▶ Required action:
Restate the listing below word for word. No picture belongs in the result.

▶ Collected data:

▶

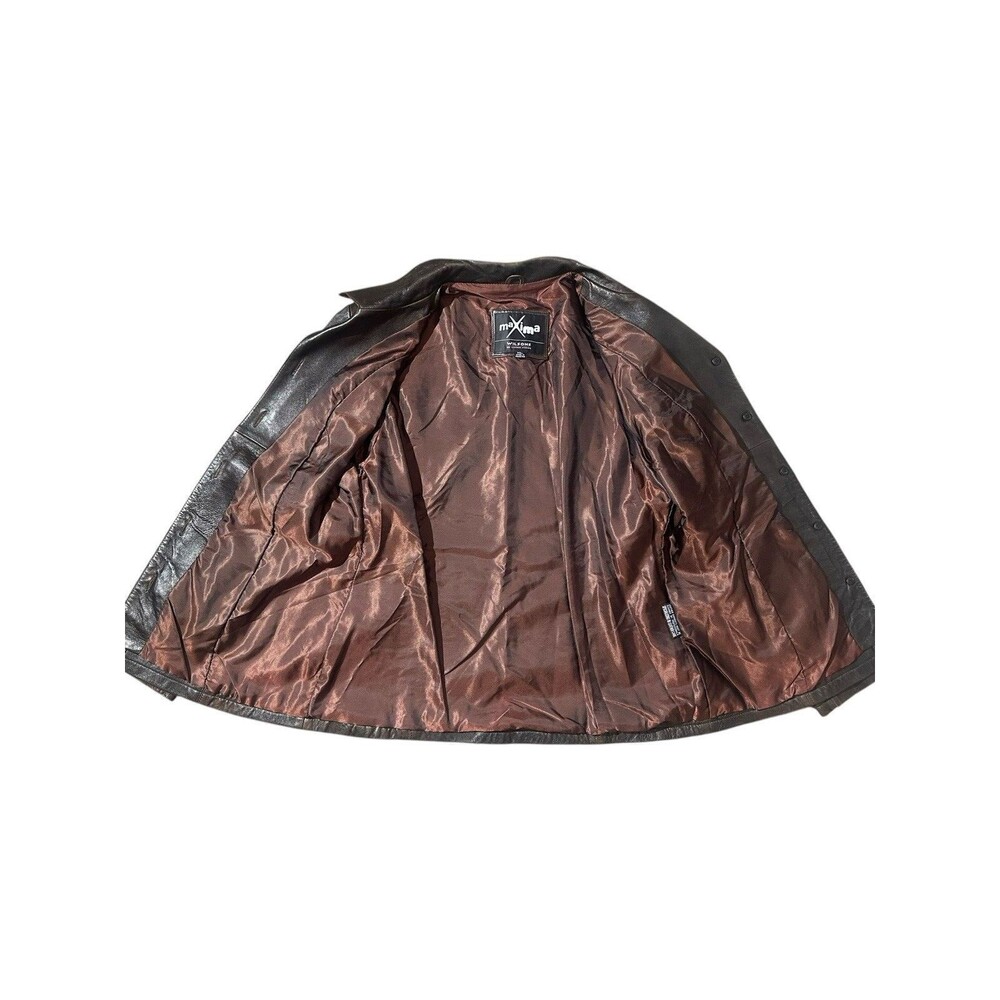 Vintage Wilsons Leather Maxima Women's Brown Genuine Leather Jacket XL Button Up - Picture 7 of 16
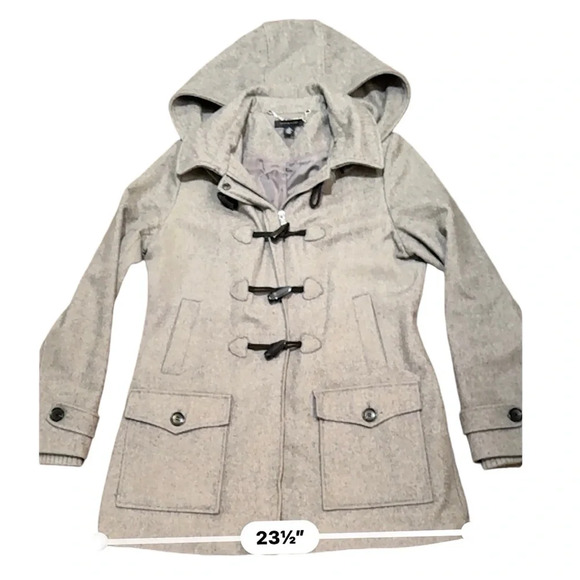 Tommy Hilfiger Women's SZ M Wool Blend Removable Hood  Toggle Coat Grey - Picture 6 of 10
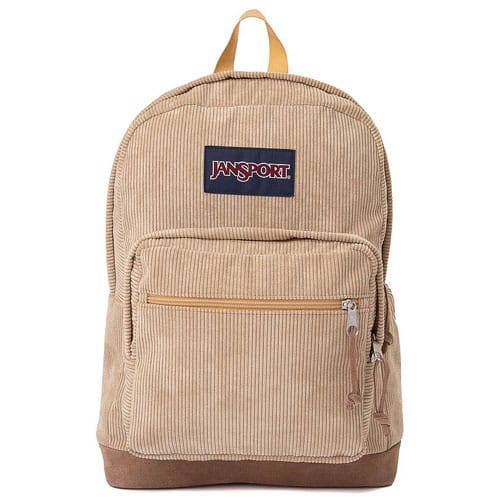 Tan Jansport backpack with a corduroy texture, featuring a front zipper pocket and a top handle.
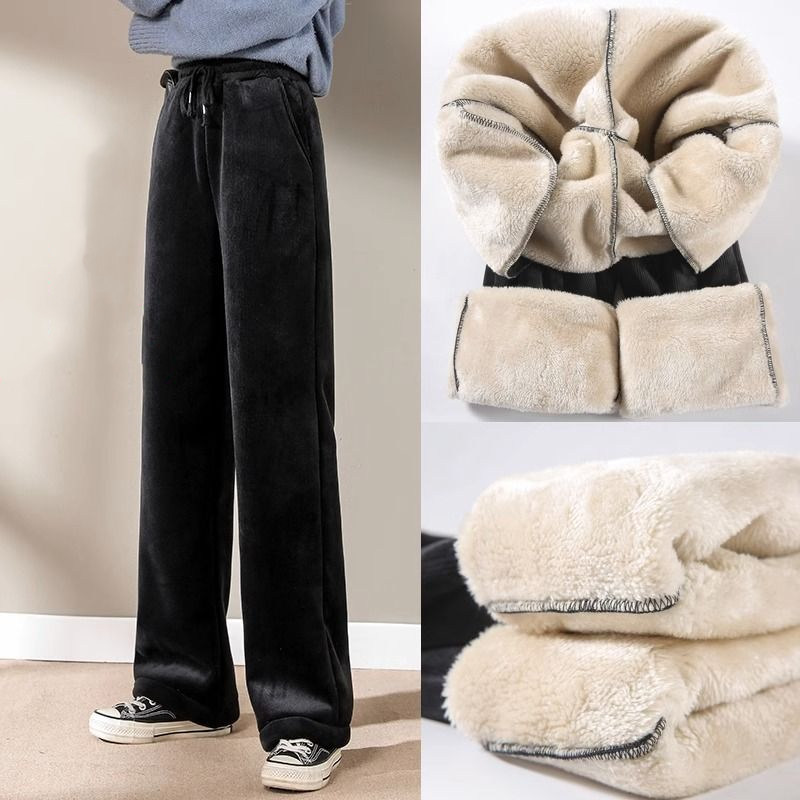Maternity Pants Winter Wear Straight Narrow Cashmere Wide-leg Pants High Waist Velvet Thickening Warm Corduroy Pants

◀

▶ Answer for this exercise:
 Vintage Wilsons Leather Maxima Women's Brown Genuine Leather Jacket XL Button Up - Picture 7 of 16
 Tommy Hilfiger Women's SZ M Wool Blend Removable Hood  Toggle Coat Grey - Picture 6 of 10
 Tan Jansport backpack with a corduroy texture, featuring a front zipper pocket and a top handle.
Maternity Pants Winter Wear Straight Narrow Cashmere Wide-leg Pants High Waist Velvet Thickening Warm Corduroy Pants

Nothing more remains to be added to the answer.